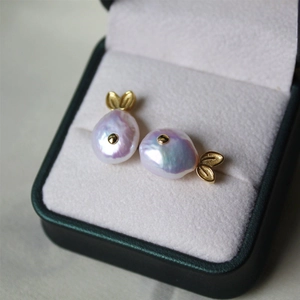 Macro shot of baroque pearl whale earrings with golden fins in a premium gift box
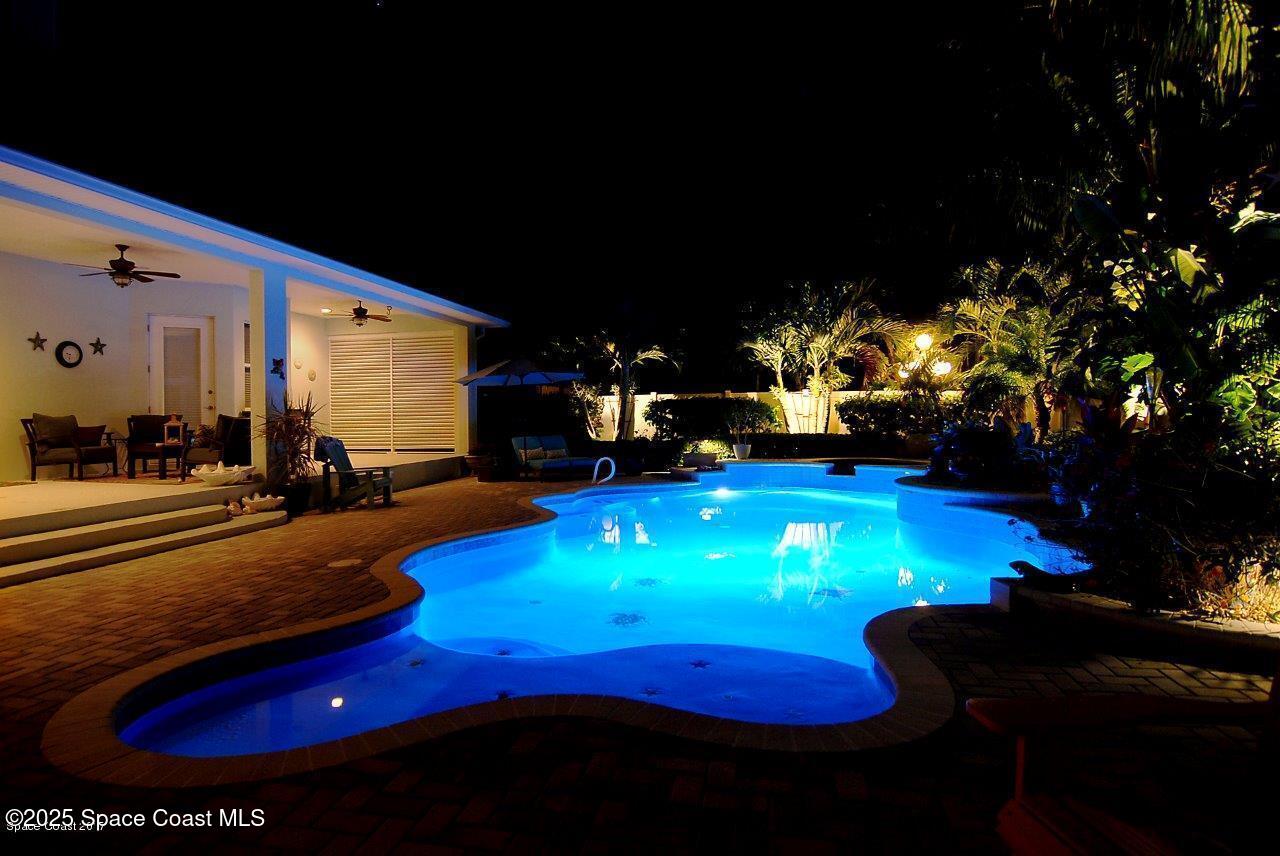 133 Windemere Place Melbourne Beach, FL 32951 - Photo 57 of 75 a room with pool table and couches chairs with swimming pool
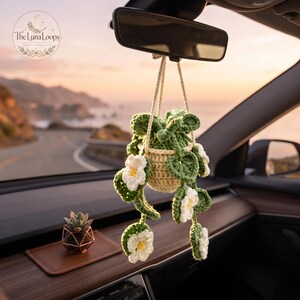 May include: A crocheted hanging plant ornament with a cream-colored pot and green leaves featuring white flowers with yellow centers, suspended by a cream cord from a car rearview mirror. A small succulent in a geometric copper holder sits nearby.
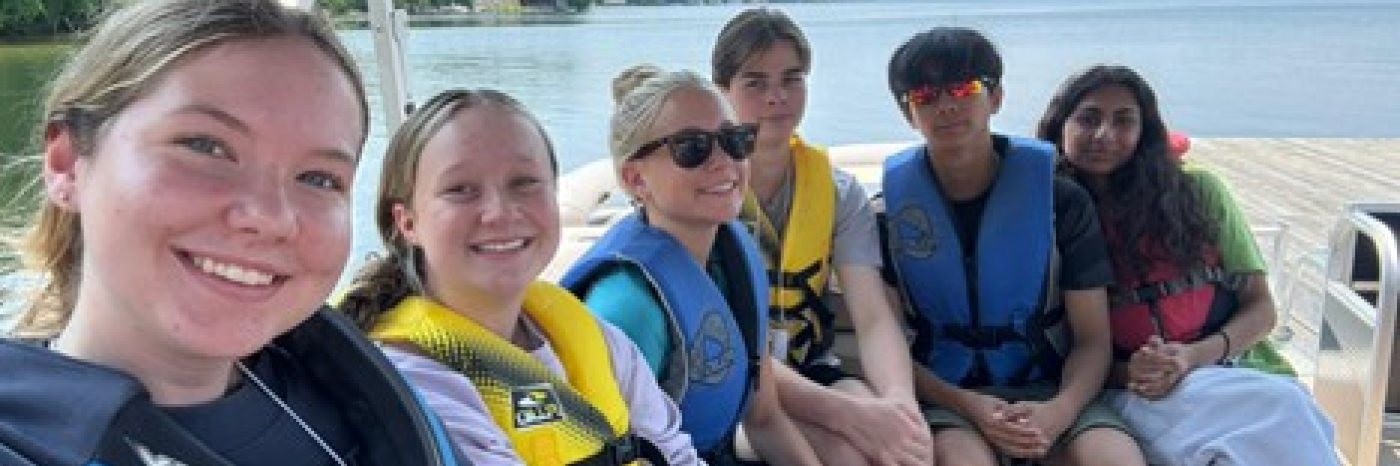 Des jeunes hommes et femmes sont sur un bateau ponton sur le lac, vêtus de gilets de sauvetage colorés.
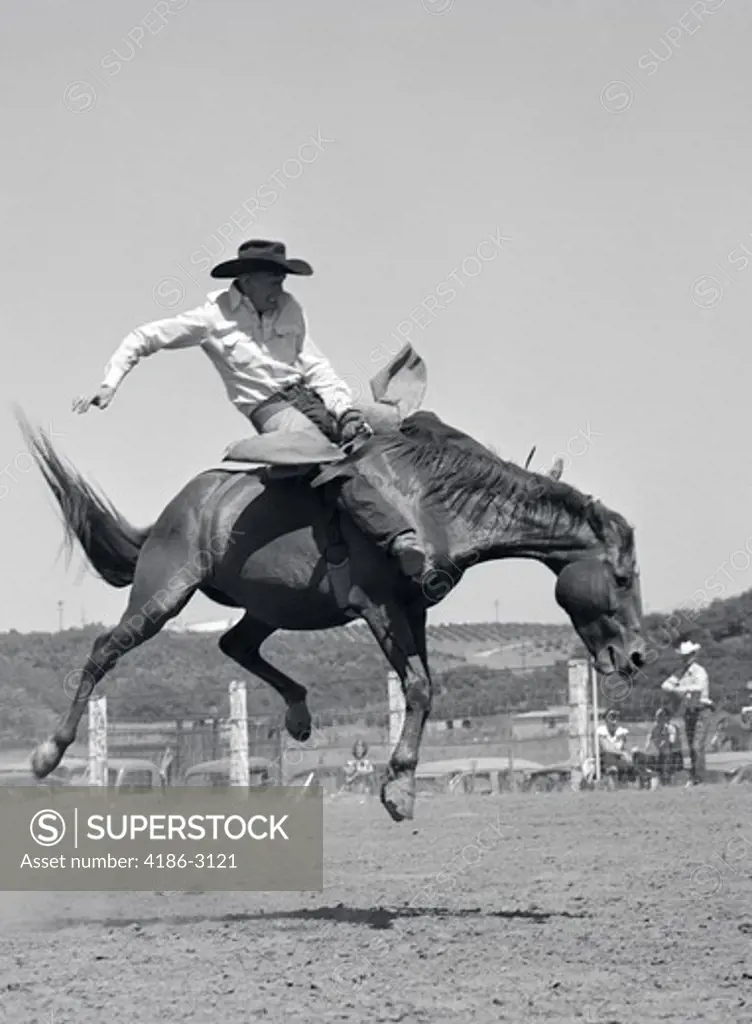 Cowboy Riding A Horse On A Ranch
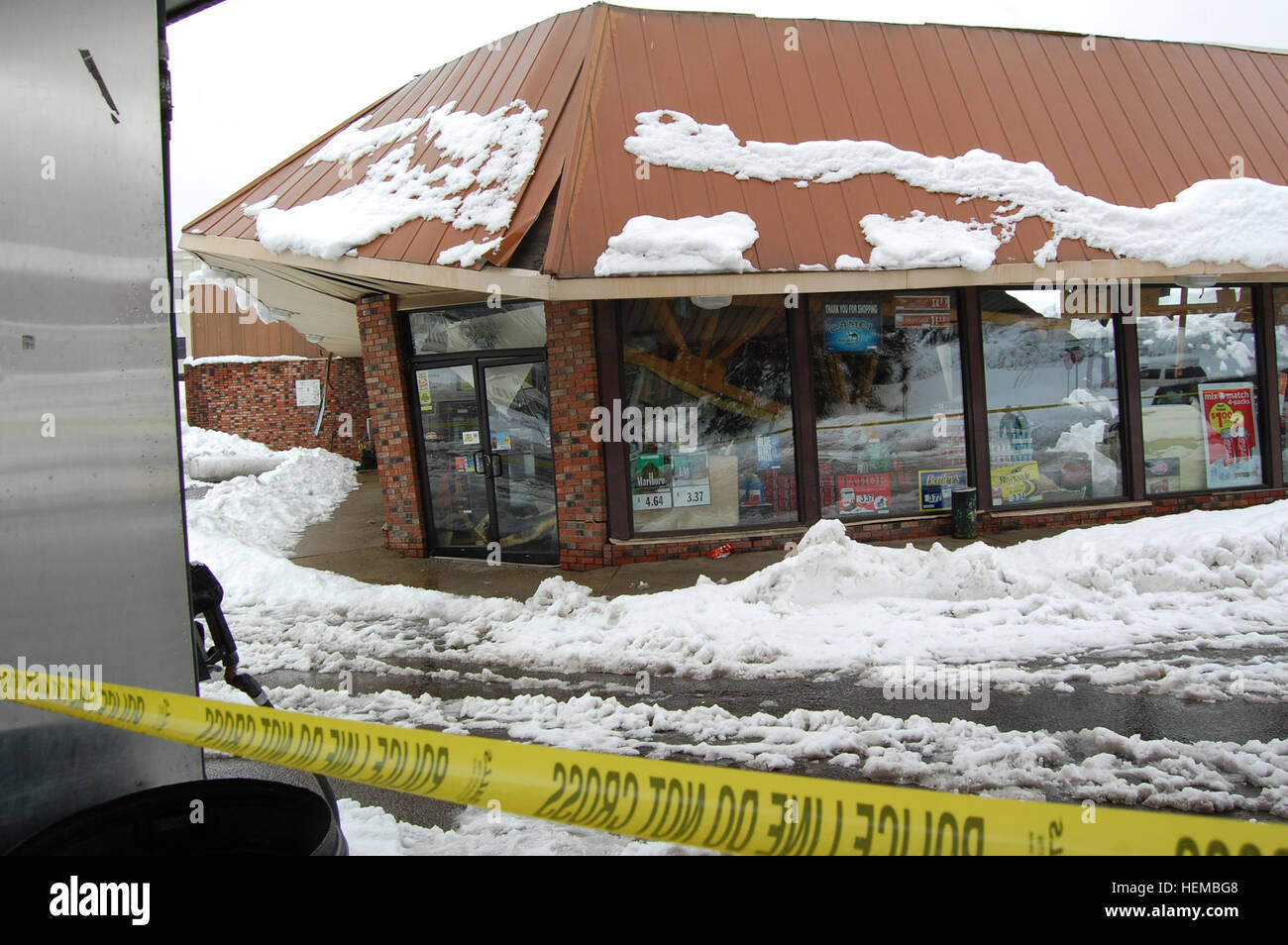 Members of the West Virginia Army National Guard assess a gas station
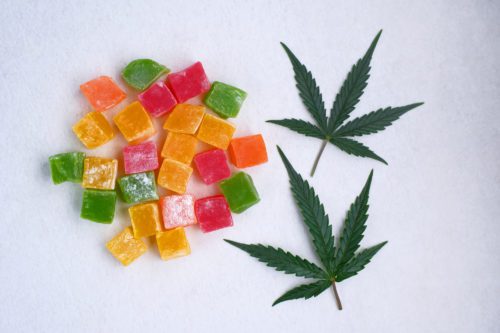 Layout of colorful marmalade and marijuana leaf on white textured background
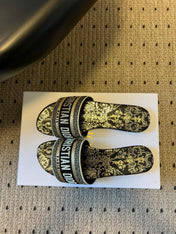 DIOR 26S DWAY SLIDE COTTON EMBROIDERED IN BLACK AND GOLD FLORAL MOTIF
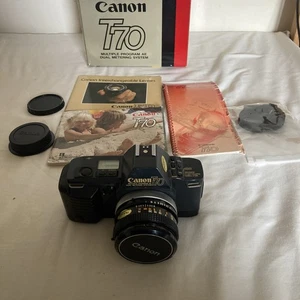 Canon T70 analoge Spiegelreflexkamera, Canon FD 50mm Objektiv verpackt mit Booklets - Bild 1 von 22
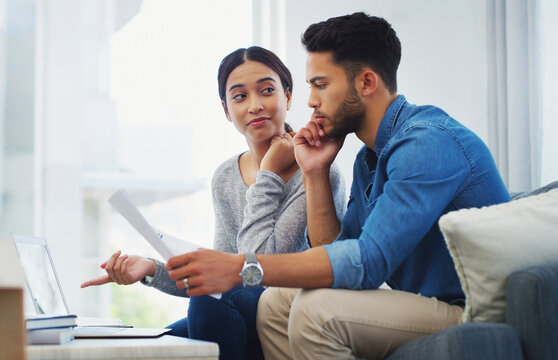 Decision, documents and laptop with couple on sofa in living room of home for bank payment. Documents, finance or thinking with man and woman in apartment to review insurance, mortgage on computer
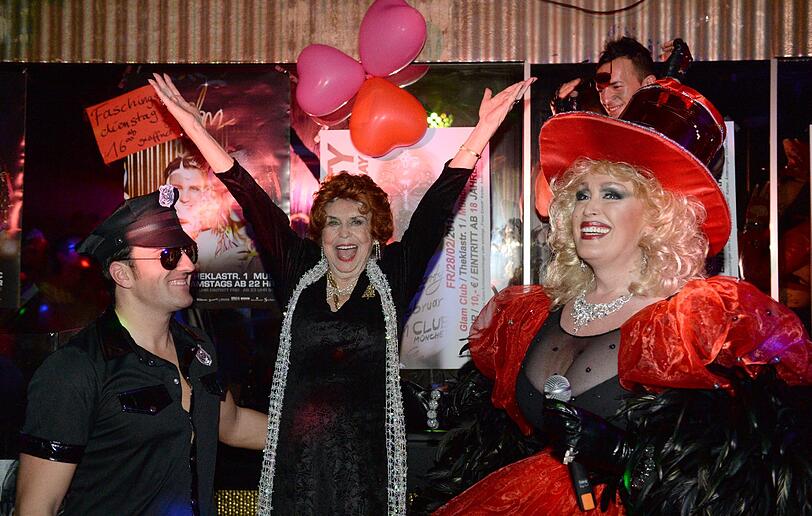 Die Gastgeberin Gloira Gray (r) und die neunzigjährige Ausnahmekünstlerin Ruth Megary (M) stehen im Glam Club auf der Bühne.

************

YOUR OBJECTIVE>
Quote the material above exactly, from the line holding "Members of the" through its last line, including both. Omit the pictures.

EXERCISE RESPONSE>
 Members of the West Virginia Army National Guard assess a gas station
 Layout of colorful marmalade and marijuana leaf on white textured background
 DIOR 26S DWAY SLIDE COTTON EMBROIDERED IN BLACK AND GOLD FLORAL MOTIF
 Canon T70 analoge Spiegelreflexkamera, Canon FD 50mm Objektiv verpackt mit Booklets - Bild 1 von 22
 Decision, documents and laptop with couple on sofa in living room of home for bank payment. Documents, finance or thinking with man and woman in apartment to review insurance, mortgage on computer
 Die Gastgeberin Gloira Gray (r) und die neunzigjährige Ausnahmekünstlerin Ruth Megary (M) stehen im Glam Club auf der Bühne.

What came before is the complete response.